According to data released by the US Bureau of Labor Statistics on October 6, the non-farm payrolls in the United States increased by 336,000 in September, far exceeding the expected 170,000. The data for the previous two months was also revised upward by nearly 120,000. The unemployment rate in September remained at 3.8%, unchanged from August.
However, wage growth fell below expectations, with average hourly earnings increasing by 0.2% month-on-month in September, lower than the expected 0.3%. On a year-on-year basis, wages grew by 4.2%, marking the smallest annual increase since mid-2021.

【Source:MacroMicro】
The stronger-than-expected job growth indicates that the US economy is still performing well, leading to an increase in market expectations for a rate hike by the Federal Reserve later this year. As a result, there was a short-term "flash crash" in US stocks and bonds after the data was released. However, the unexpected slowdown in wage growth brought some good news, as it could potentially deter the Fed from raising interest rates. After some reflection, the US stock market staged a major turnaround during trading hours and ended up closing higher.

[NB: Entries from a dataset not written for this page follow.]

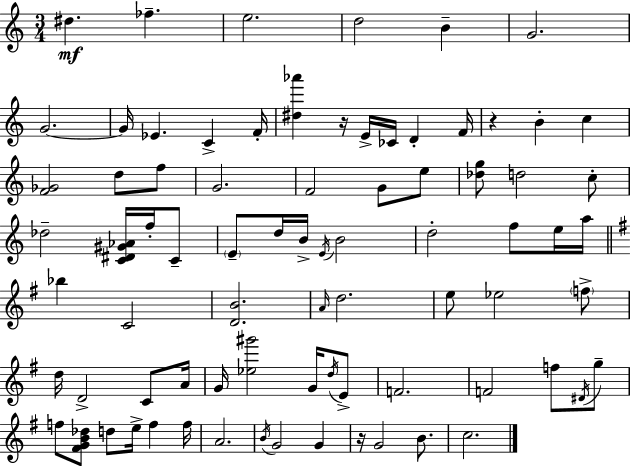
{
  \clef treble
  \numericTimeSignature
  \time 3/4
  \key c \major
  dis''4.\mf fes''4.-- | e''2. | d''2 b'4-- | g'2. | \break g'2.~~ | g'16 ees'4. c'4-> f'16-. | <dis'' aes'''>4 r16 e'16-> ces'16 d'4-. f'16 | r4 b'4-. c''4 | \break <f' ges'>2 d''8 f''8 | g'2. | f'2 g'8 e''8 | <des'' g''>8 d''2 c''8-. | \break des''2-- <c' dis' gis' aes'>16 f''16-. c'8-- | \parenthesize e'8-- d''16 b'16-> \acciaccatura { e'16 } b'2 | d''2-. f''8 e''16 | a''16 \bar "||" \break \key e \minor bes''4 c'2 | <d' b'>2. | \grace { a'16 } d''2. | e''8 ees''2 \parenthesize f''8-> | \break d''16 d'2-> c'8 | a'16 g'16 <ees'' gis'''>2 g'16 \acciaccatura { d''16 } | e'8-> f'2. | f'2 f''8 | \break \acciaccatura { dis'16 } g''8-- f''8 <fis' g' b' des''>8 d''8 e''16-> f''4 | f''16 a'2. | \acciaccatura { b'16 } g'2 | g'4 r16 g'2 | \break b'8. c''2. | \bar "|."
}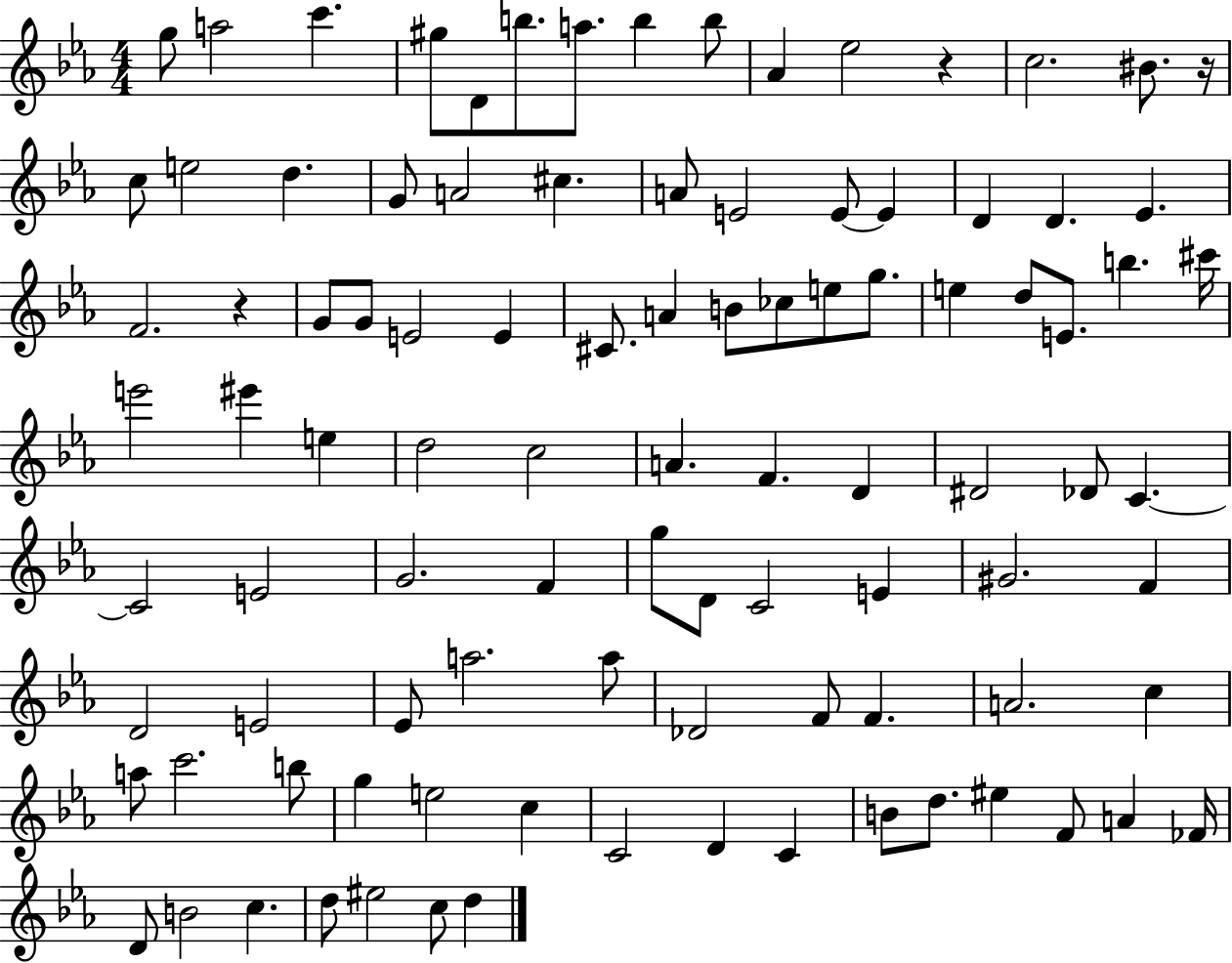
X:1
T:Untitled
M:4/4
L:1/4
K:Eb
g/2 a2 c' ^g/2 D/2 b/2 a/2 b b/2 _A _e2 z c2 ^B/2 z/4 c/2 e2 d G/2 A2 ^c A/2 E2 E/2 E D D _E F2 z G/2 G/2 E2 E ^C/2 A B/2 _c/2 e/2 g/2 e d/2 E/2 b ^c'/4 e'2 ^e' e d2 c2 A F D ^D2 _D/2 C C2 E2 G2 F g/2 D/2 C2 E ^G2 F D2 E2 _E/2 a2 a/2 _D2 F/2 F A2 c a/2 c'2 b/2 g e2 c C2 D C B/2 d/2 ^e F/2 A _F/4 D/2 B2 c d/2 ^e2 c/2 d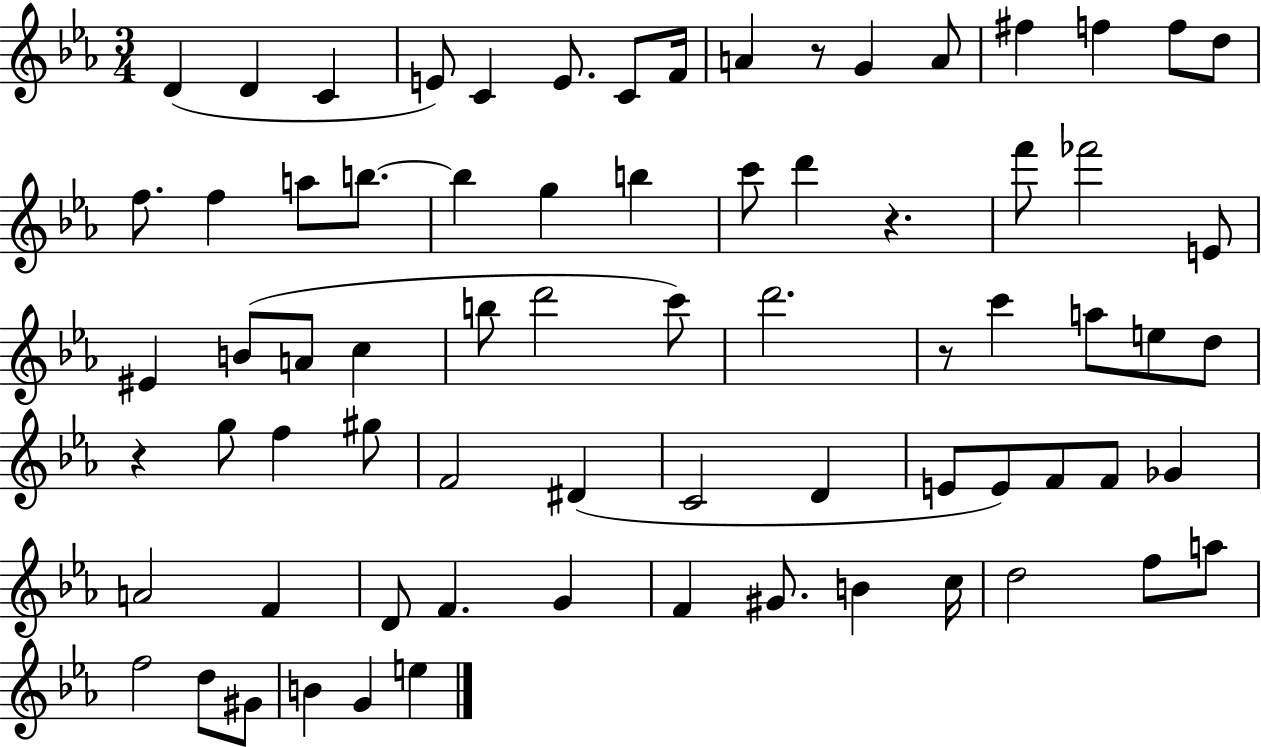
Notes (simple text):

D4/q D4/q C4/q E4/e C4/q E4/e. C4/e F4/s A4/q R/e G4/q A4/e F#5/q F5/q F5/e D5/e F5/e. F5/q A5/e B5/e. B5/q G5/q B5/q C6/e D6/q R/q. F6/e FES6/h E4/e EIS4/q B4/e A4/e C5/q B5/e D6/h C6/e D6/h. R/e C6/q A5/e E5/e D5/e R/q G5/e F5/q G#5/e F4/h D#4/q C4/h D4/q E4/e E4/e F4/e F4/e Gb4/q A4/h F4/q D4/e F4/q. G4/q F4/q G#4/e. B4/q C5/s D5/h F5/e A5/e F5/h D5/e G#4/e B4/q G4/q E5/q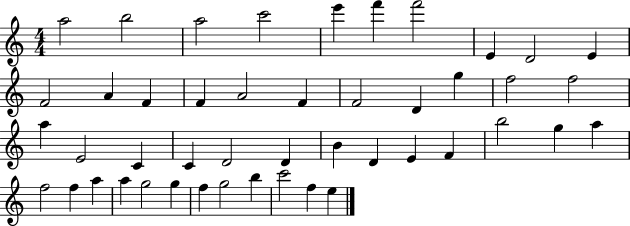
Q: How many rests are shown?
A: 0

Currently, the market expects a 21.7% probability of a rate hike in November by the Federal Reserve and a 34.2% probability in December, which is still relatively low. Although most analysts acknowledge that a rate hike later this year has become possible again, the market believes that the surge in US bond yields has reduced the necessity of raising rates.

【Source:CME】
Mitrade Analyst:
The strong US labor market has not led to a significant increase in rate hike expectations. In addition to the positive news of a unexpected slowdown in wage growth, market participants believe that the Federal Reserve's "lack of courage" to raise rates further is an important factor. Higher interest rates would further accelerate the already bloated fiscal situation in the United States.
This week, attention will be given to the release of US CPI and PPI data. If inflation remains moderate, it will be beneficial for the stock market. Conversely, if the data exceeds expectations, it will dampen the stock market.